The Tridiminished Icosahedron
The tridiminished icosahedron is one of the Johnson solids. It is bounded by 5 regular triangles and 3 regular pentagons. It may be constructed by removing 3 vertices from the regular icosahedron such that 3 pentagonal faces are formed. It is the 63rd polyhedron in Norman Johnson's list, and thus bears the label J63.
There are three different kinds of triangular faces: the top triangle, which is surrounded by three pentagonal faces; the bottom triangle, which is surrounded by three triangular faces; and three lateral triangles surrounding the bottom triangle.

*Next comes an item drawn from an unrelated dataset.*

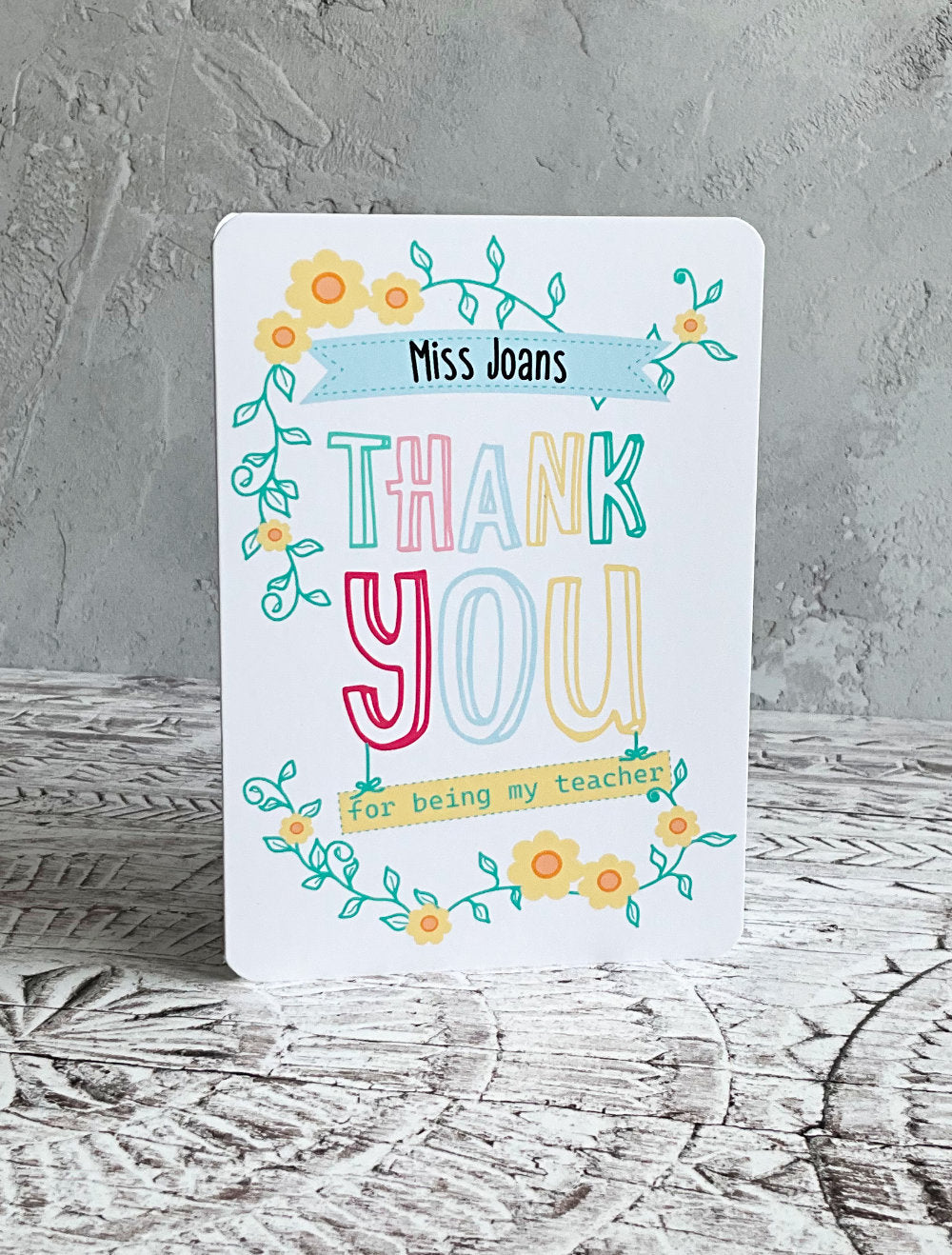 5x7 Personalised Thank You for Being My Teacher Greeting Card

Due to the non-equivalence of its vertices, the tridiminished icosahedron only has a single axis of symmetry: a 3-fold symmetry around the line passing through the top and bottom triangles.
In order to be able to identify the tridiminished icosahedron in various projections of 4D objects, it is useful to know how it appears from various viewpoints. The following are some of the viewpoints that are commonly encountered:
Projection parallel to an edge of the top triangle. This projection has the most number of coincident faces: two pentagonal faces project to the pentagonal area, the third pentagonal face to the upper left edge; the top triangle to the upper right edge; the bottom triangle to the lower left edge; two lateral triangles to the triangular area; the third lateral triangle to the bottom edge.

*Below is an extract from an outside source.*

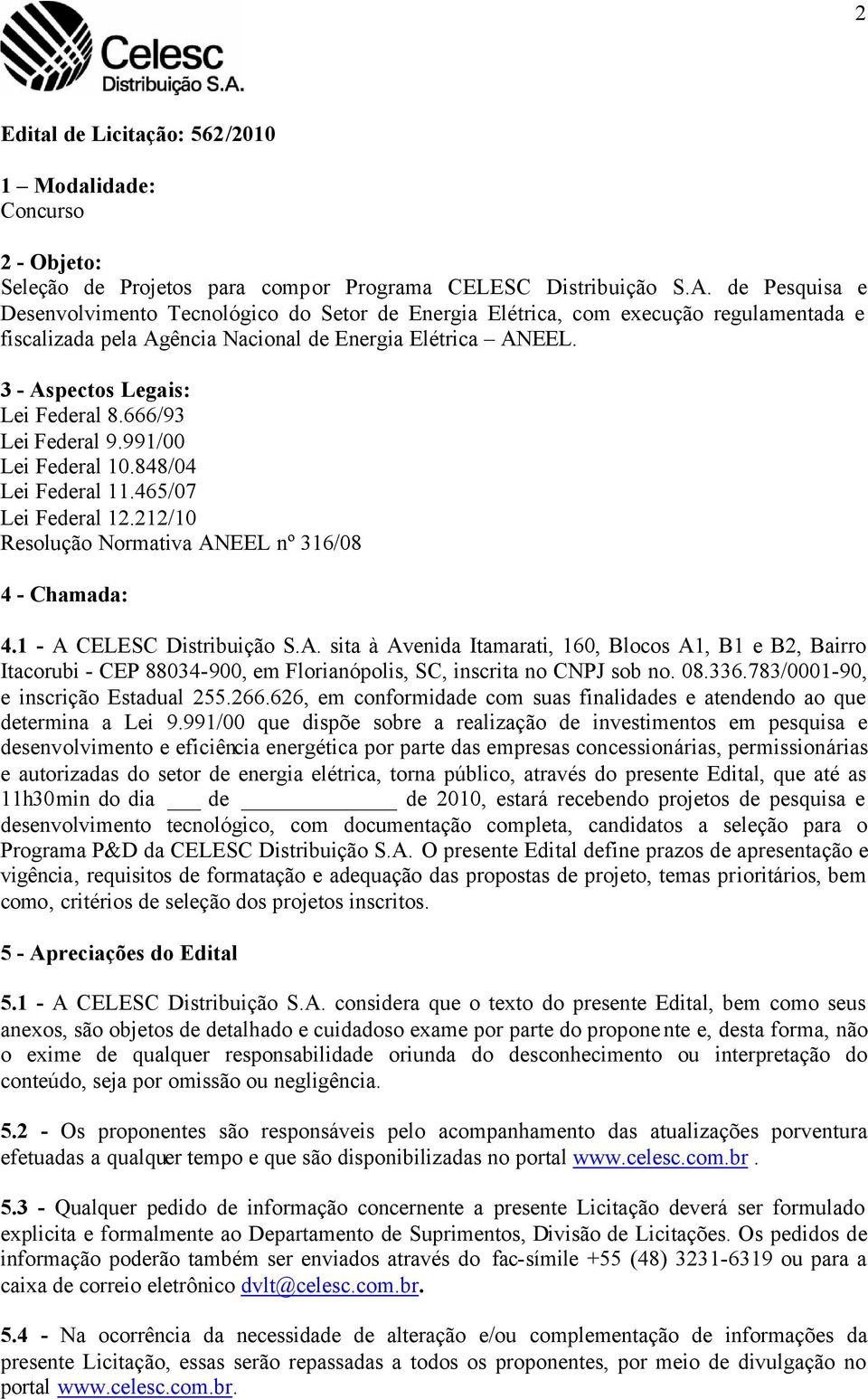 666/93 Lei Federal 9.991/00 Lei Federal 10.848/04 Lei Federal 11.465/07 Lei Federal 12.212/10 Resolução Normativa AN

Projection centered on top and bottom triangles. This is the most symmetric projection of the tridiminished icosahedron.
Projection centered on vertex surrounded by two pentagons and a lateral triangle.

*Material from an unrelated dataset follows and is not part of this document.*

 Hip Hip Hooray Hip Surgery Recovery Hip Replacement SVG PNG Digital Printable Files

Projection centered on the edge between a pentagon and a lateral triangle. The bottom left edge of the projection envelope is the image of a pentagonal face.
Projection centered on a lateral triangle.
Projection centered on a pentagonal face.
The Cartesian coordinates of the tridiminished icosahedron are:
- (0, 1, φ)
- (0, ±1, −φ)
- ( 1, φ, 0)
- (±1, −φ, 0)
- ( φ, 0, 1)
- (−φ, 0, ±1)
where φ=(1+√5)/2 is the Golden Ratio.
These coordinates are obtained by deleting 3 vertices from the regular icosahedron such that 3 pentagonal faces are formed.